■ **What the task asks**
Look in the listing below for the line that has "A converted apartment block on a steep road", then return it and each following line up to and including the one with "Outdoor campaign strategy", exactly and without pictures.

■ **Dataset content**
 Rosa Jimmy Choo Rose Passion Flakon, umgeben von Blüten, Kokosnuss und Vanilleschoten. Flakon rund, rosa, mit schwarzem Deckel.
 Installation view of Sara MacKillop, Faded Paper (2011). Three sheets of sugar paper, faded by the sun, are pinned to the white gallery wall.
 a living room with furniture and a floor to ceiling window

---

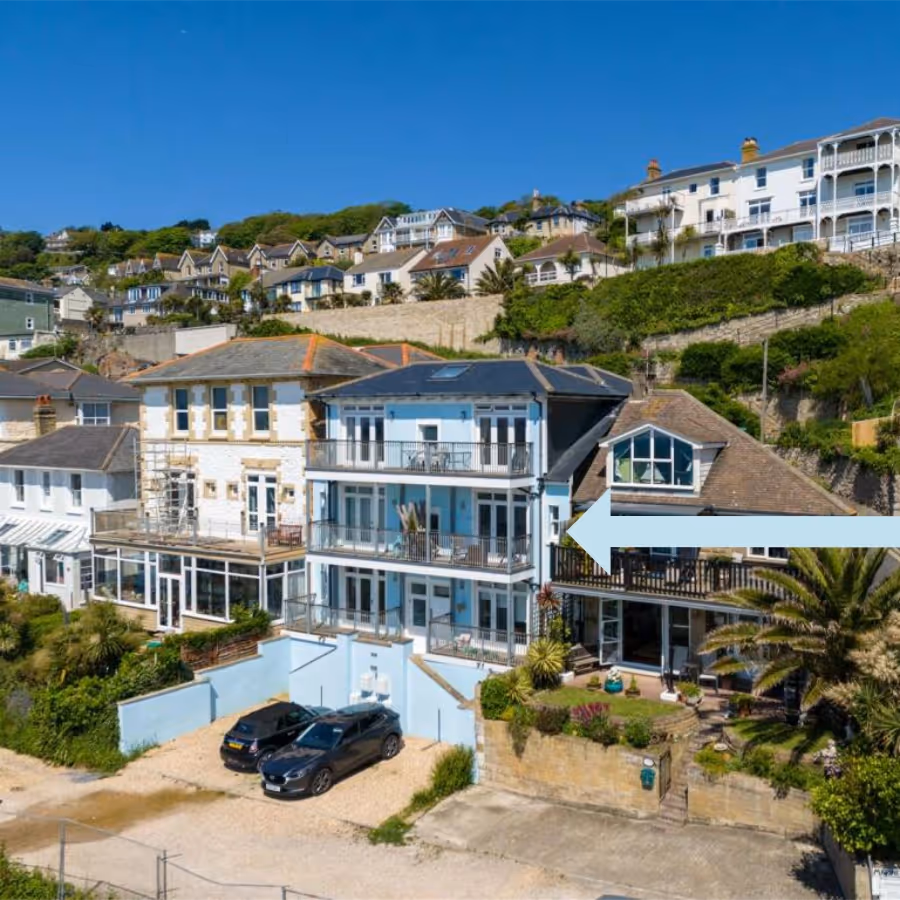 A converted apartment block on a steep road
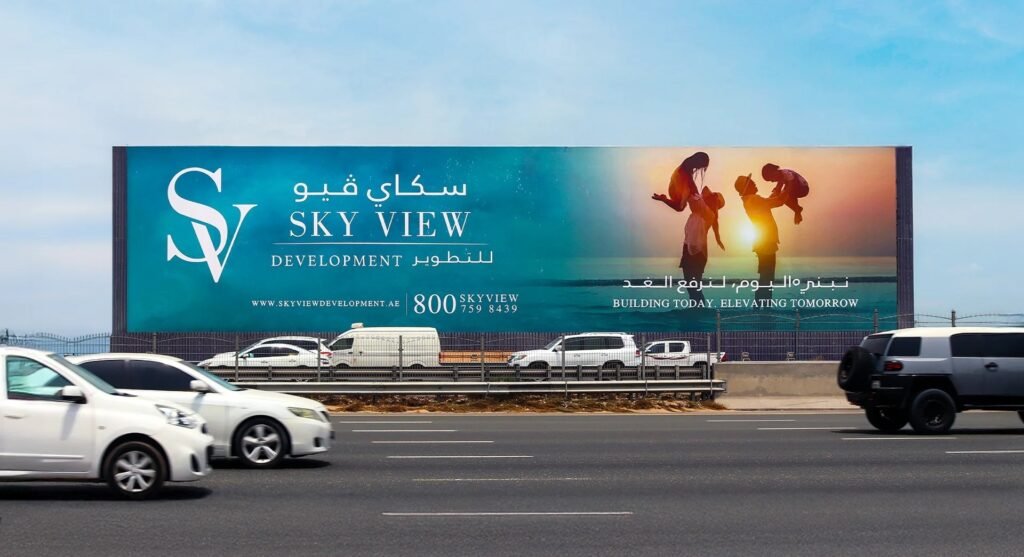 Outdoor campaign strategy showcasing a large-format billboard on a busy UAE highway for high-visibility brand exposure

■ **Response below**
 A converted apartment block on a steep road
 Outdoor campaign strategy showcasing a large-format billboard on a busy UAE highway for high-visibility brand exposure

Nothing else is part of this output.